Moraes nega recurso de Bolsonaro e mantém condenação definitiva

Alexandre de Moraes, ministro do Supremo Tribunal Federal (STF), rejeitou um novo recurso apresentado pela defesa do ex-presidente Jair Bolsonaro. O pedido buscava reabrir a discussão sobre a condenação de 27 anos e 3 meses de prisão imposta pela Primeira Turma, através de embargos infringentes, e levar o caso ao Plenário da Corte. Moraes considerou o pedido juridicamente incabível, pois foi protocolado após o trânsito em julgado da ação penal e o início do cumprimento da pena, o que impede novas contestações no processo.

A defesa de Bolsonaro havia recorrido na segunda-feira contra a decisão que impediu os embargos infringentes, um tipo de recurso que permite o reexame de uma decisão judicial.
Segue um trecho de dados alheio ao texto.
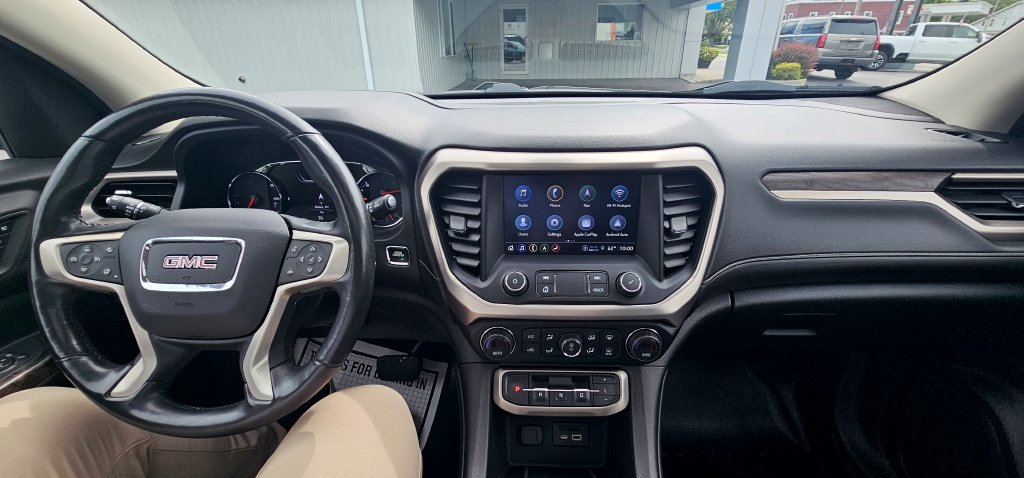 Used 2022 GMC Acadia Denali w/ GMC Pro Grade Package AWD/4WD image 16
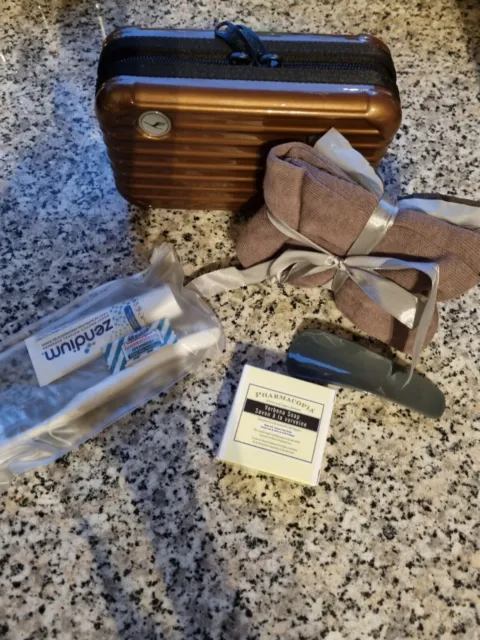 Lufthansa LH FIRST CLASS Amenity Kit RIMOWA - Metallic -  NAGELNEU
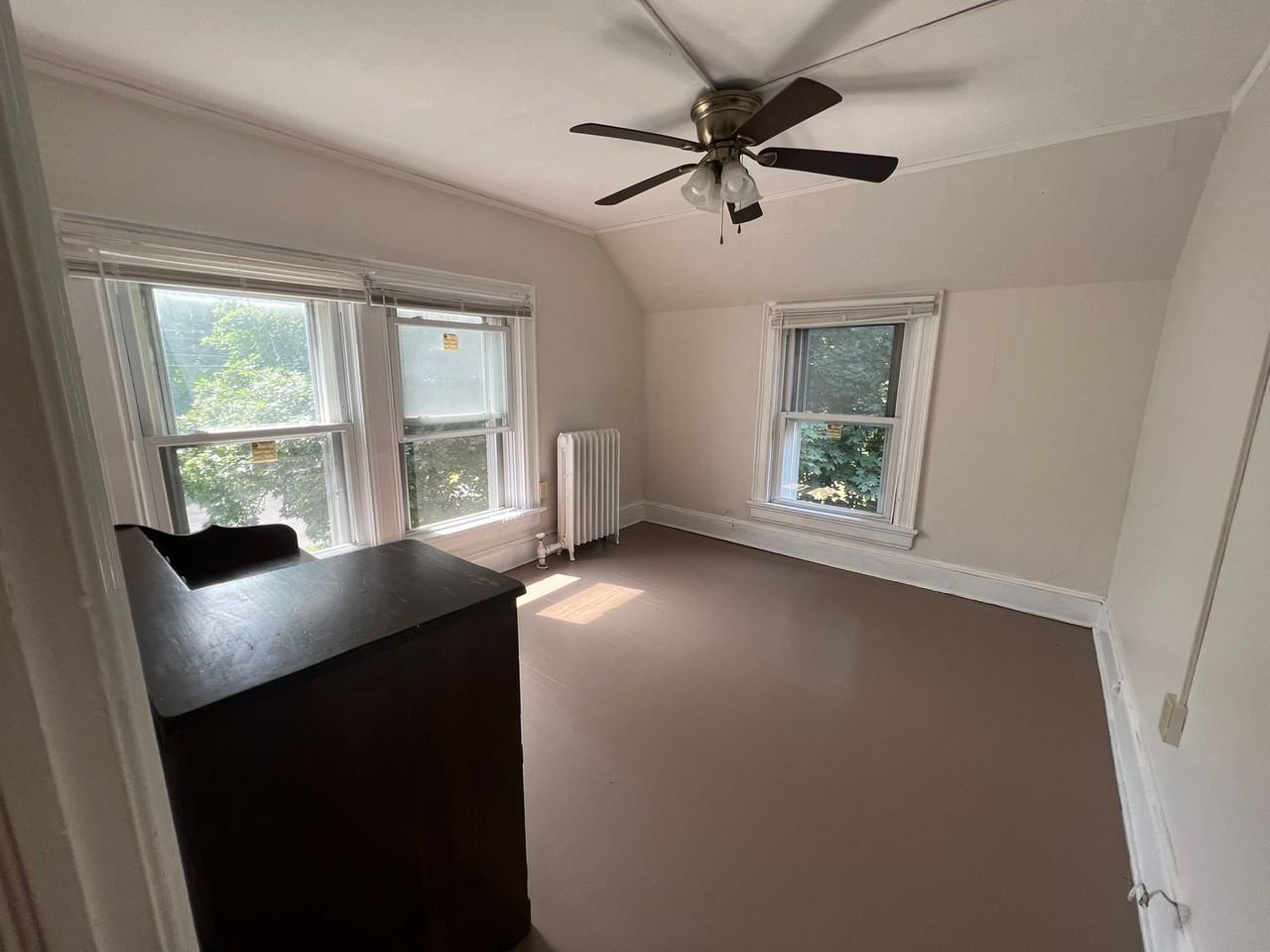 640 Jefferson Ave Apt 3f #3F - Photo 4 of 16
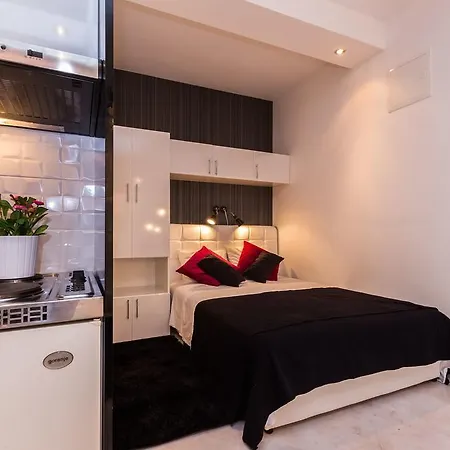 Apartments Elizabeth Biograd Na Moru Room photo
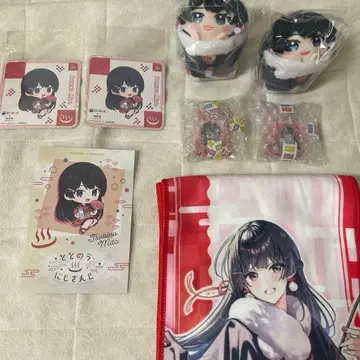 토토노우 니지산지 극락탕 콜라보 츠키노 미토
No entanto, Alexandre de Moraes, relator do caso, destacou em seu despacho que a condenação já é definitiva. Com o trânsito em julgado declarado e o início do cumprimento da pena, não há mais espaço para novos recursos na ação penal em questão.

Linha do tempo aponta para o fim da discussão jurídica

Para fundamentar sua decisão, o ministro detalhou a cronologia do processo. O acórdão condenatório foi publicado em 22 de outubro de 2025. Posteriormente, os embargos de declaração foram rejeitados unanimemente pela Primeira Turma em 17 de novembro, e o trânsito em julgado foi oficialmente declarado em 25 de novembro. A execução da pena foi determinada no dia seguinte e referendada pela Primeira Turma em 26 de novembro.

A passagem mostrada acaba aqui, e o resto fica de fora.